_RECORD EXTRACTS:_
»»

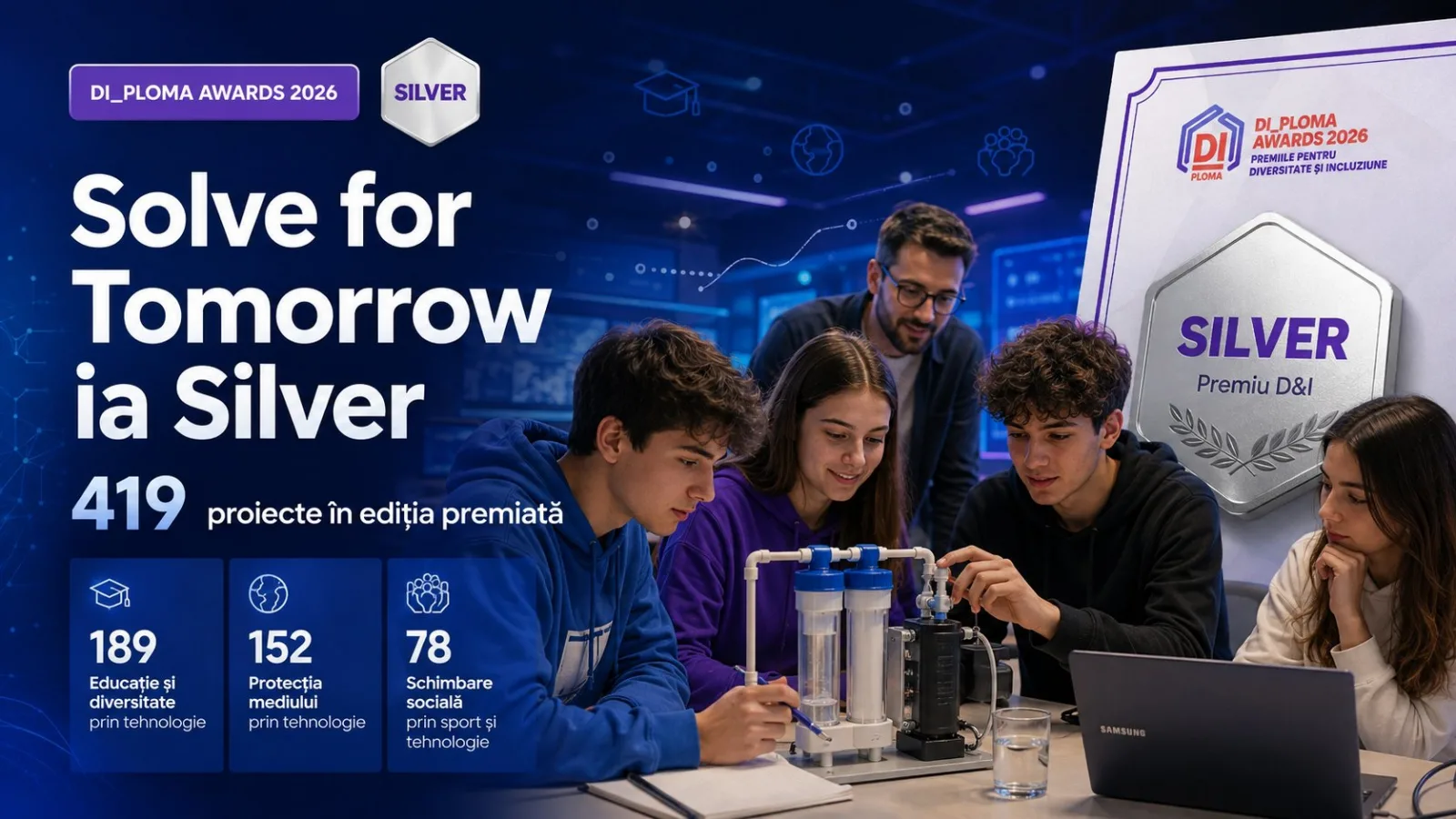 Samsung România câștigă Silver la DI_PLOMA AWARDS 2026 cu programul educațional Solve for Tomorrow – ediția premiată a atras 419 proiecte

««
»»

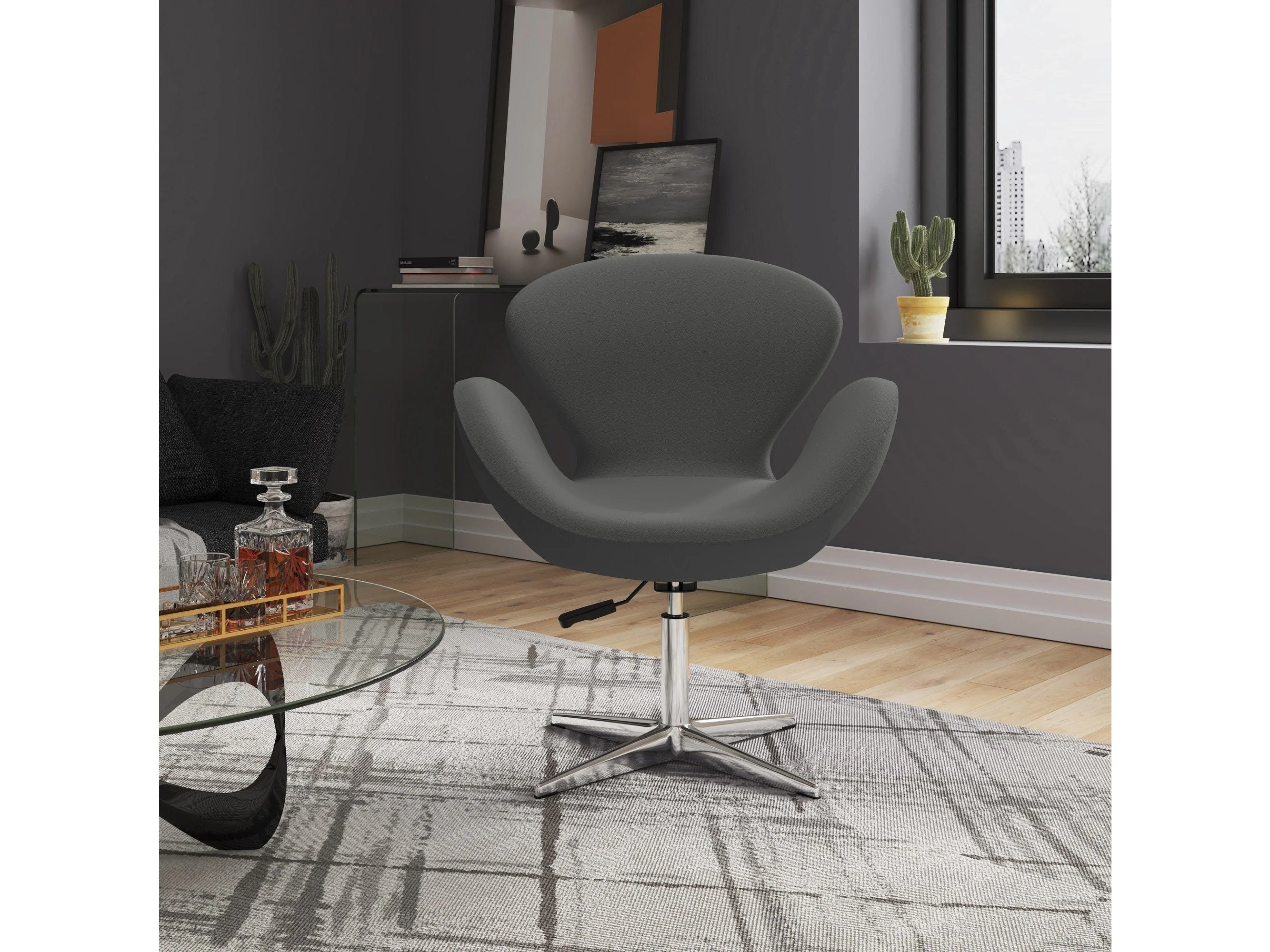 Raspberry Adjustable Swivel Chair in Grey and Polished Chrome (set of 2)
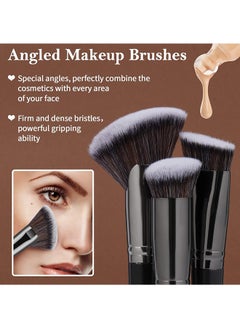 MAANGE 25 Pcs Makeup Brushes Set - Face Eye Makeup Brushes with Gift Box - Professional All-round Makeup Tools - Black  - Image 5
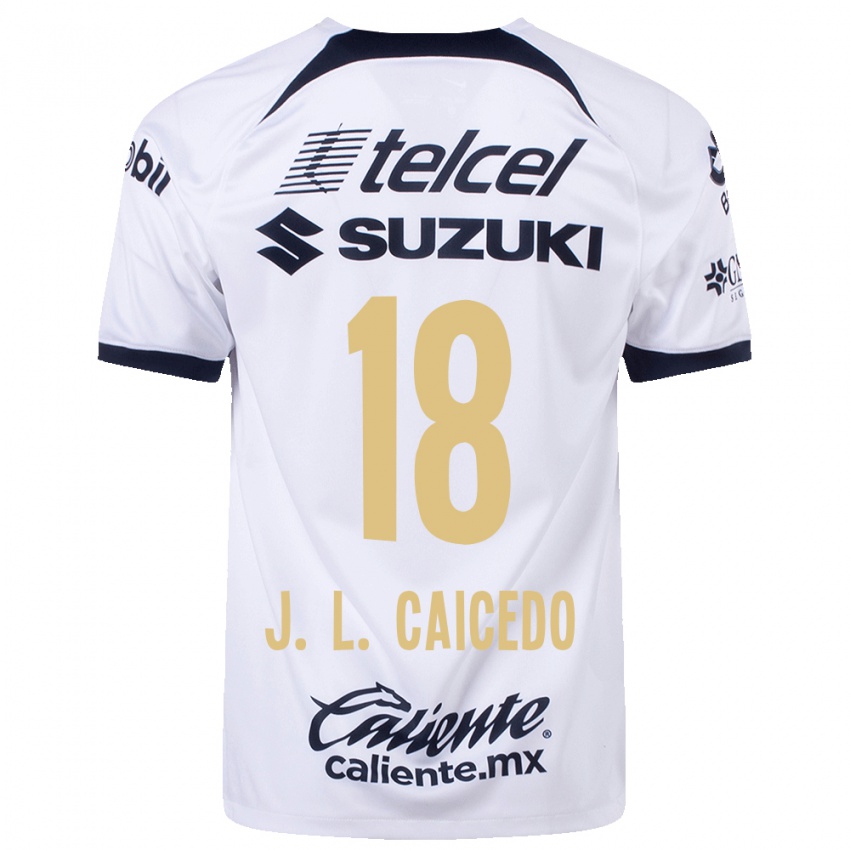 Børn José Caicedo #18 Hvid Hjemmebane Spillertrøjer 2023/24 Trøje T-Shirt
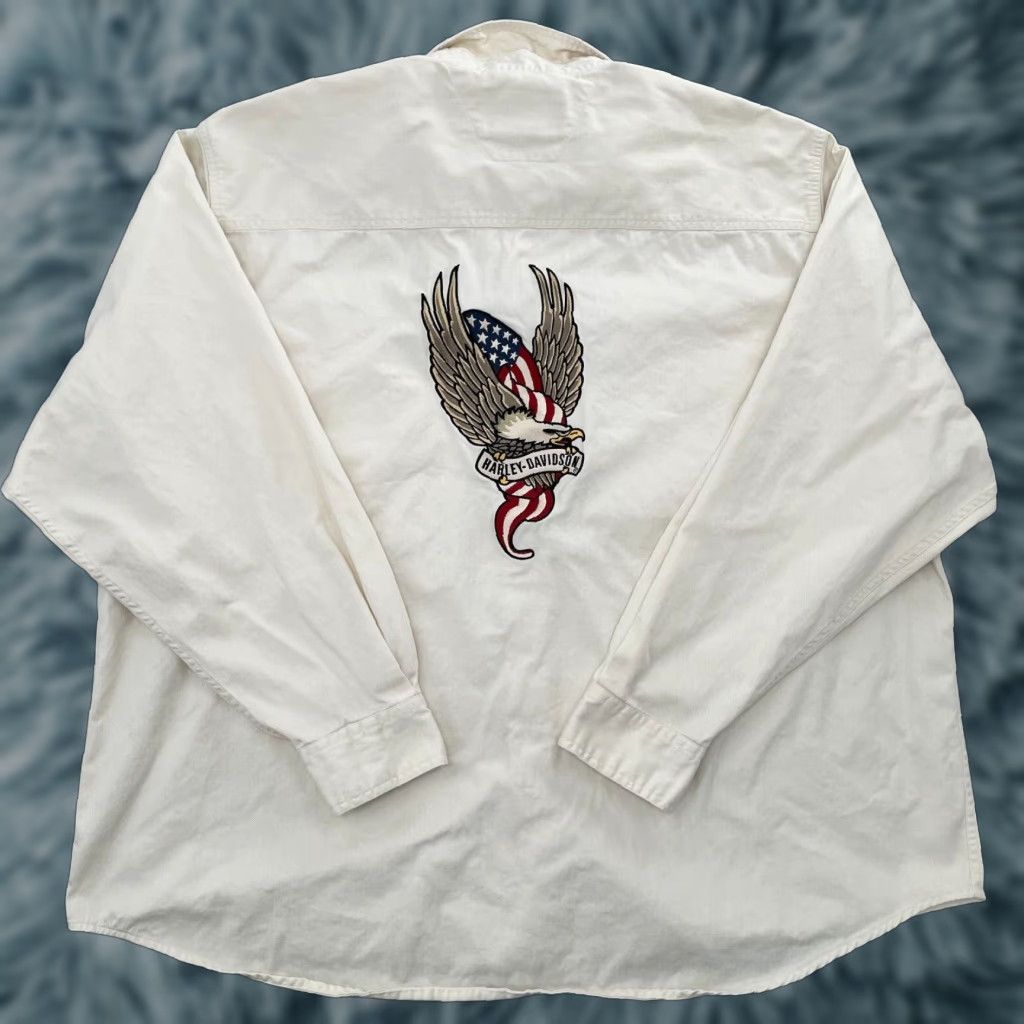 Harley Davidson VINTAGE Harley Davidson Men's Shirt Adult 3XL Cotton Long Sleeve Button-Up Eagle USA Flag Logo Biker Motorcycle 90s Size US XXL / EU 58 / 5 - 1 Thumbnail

««

From the material above, give again exactly the lines from the one that contains "Raspberry Adjustable Swivel" through the one that contains "MAANGE 25 Pcs", and leave out the pictures.

_SOLUTION TO THIS PROBLEM:_
 Raspberry Adjustable Swivel Chair in Grey and Polished Chrome (set of 2)
 MAANGE 25 Pcs Makeup Brushes Set - Face Eye Makeup Brushes with Gift Box - Professional All-round Makeup Tools - Black  - Image 5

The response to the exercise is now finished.